In the application event log, you’ll find Event ID 528 from SQLLocalDB 15.0 with the below content.

Windows API call WaitForMultipleObjects returned error code: 575. Windows system error message is: {Application Error}
The application was unable to start correctly (0x%lx). Click OK to close the application.
Reported at line: 3714.

Getting the AD Connect Server operational again

So, what does one do? Well, a Veeam Vanguard turns to Veeam and restores the VM from a restore point that a recent known good AD Connect installation.

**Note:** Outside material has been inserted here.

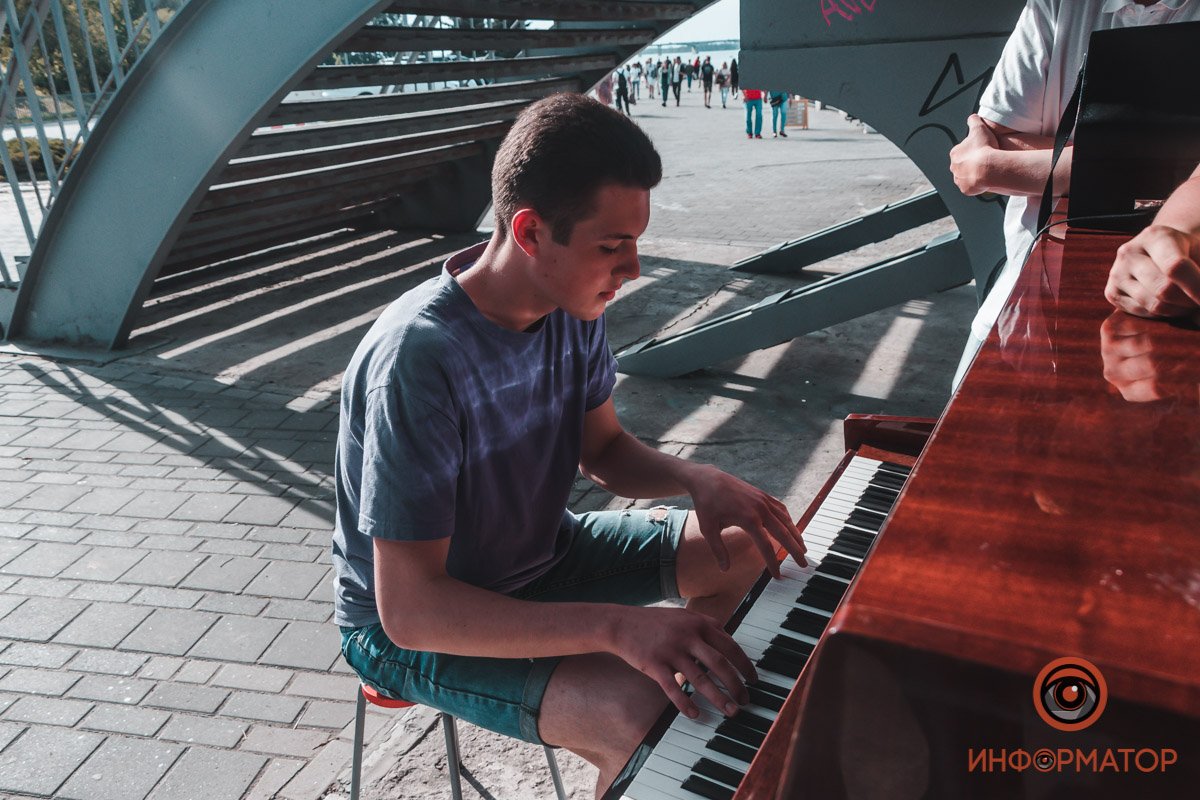 Отметим бережное отношение жителей города к музыкальному подарку Отметим бережное отношение жителей города к музыкальному подарку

But then the issue comes back

But then it comes back. Even worse, the AD Connect staging server suffers the same fate. So, again, we restore from backups. And guess what, a couple of weeks later, it happens again. So, you rebuild clean AD Connect VMs, and it happens again. We upgraded to every new version of AD Connect but no joy. You could think it was caused by failed updates or such, but no.

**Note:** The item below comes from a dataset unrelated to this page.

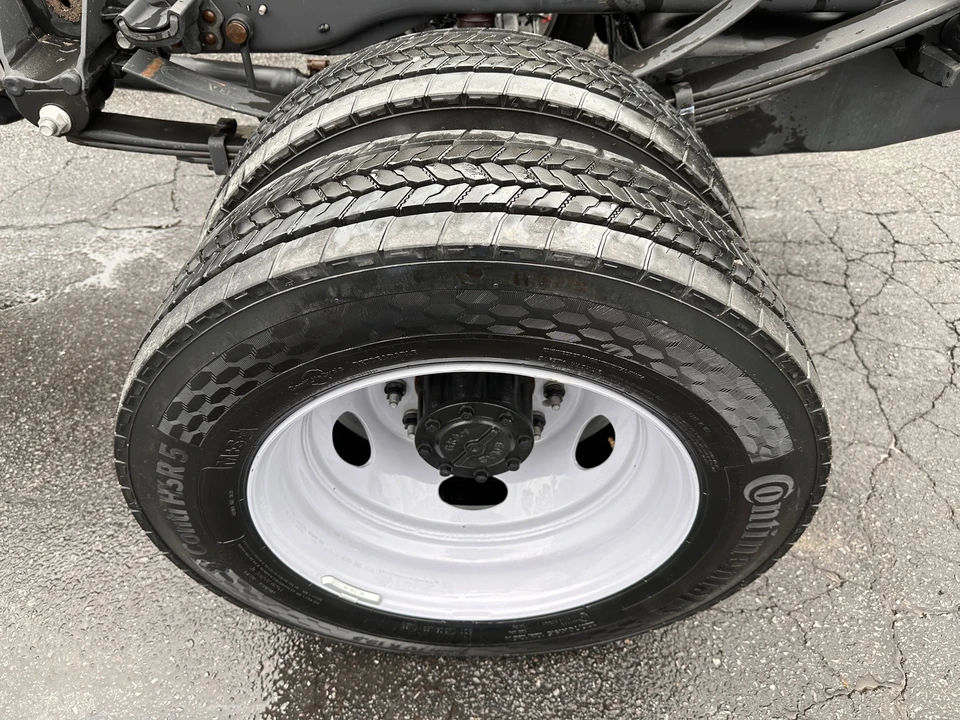 2026 Ford Super Duty 5th Gen - Image 22 of 25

The most dangerous time is when the AD Connect service restarts. Usually that is during a reboot, often after monthly patching.

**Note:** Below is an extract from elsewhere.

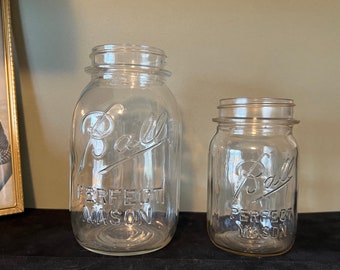Ball Perfect Mason Canning Mason Jar con líneas verticales - Decoración y almacenamiento de cocina retro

Our backup reports a failure with the application consistent backup of the AD Connect Server, often before Azure does so. The backup notices the issues with LocalDB before the AD Sync Service fails to start due to the problems.

The failing backups indicate that there is an issue with the LoclaDB database …

However, if you reboot enough, you can sometimes trigger the error. No backups are involved, it seems. That means it is not related to Veeam or any other application consistent backup. The backup process just stumbles over the LocalDB issue. It does not cause it. The error returns if we turn off application-consistent backups in Veeam any way. We also have SAN snapshots running, but these do not seem to cause the issue.

We did try all the tricks from an issue a few years back with backing up AD Connect servers. See https://www.veeam.com/kb2911 but even with the trick to prevent the unloading of the user profile
COM+ application stops working when users logs off – Windows Server | Microsoft Docs we could not get rid of the issue.

So backups, VSS, it seems there is a correlation but not causation.

What goes wrong with LocalDB

After a while, and by digging through the event and error logs of a server with the issue, we find that somehow, the model.mdf and model.ldf are toast for some inexplicable reason on a pseudo regular basis. Below you see a screenshot from the C:\Windows\ServiceProfiles\ADSync\AppData\Local\Microsoft\Microsoft SQL Server Local DB\Instances\ADSync2019\Error.log. Remember your path might differ.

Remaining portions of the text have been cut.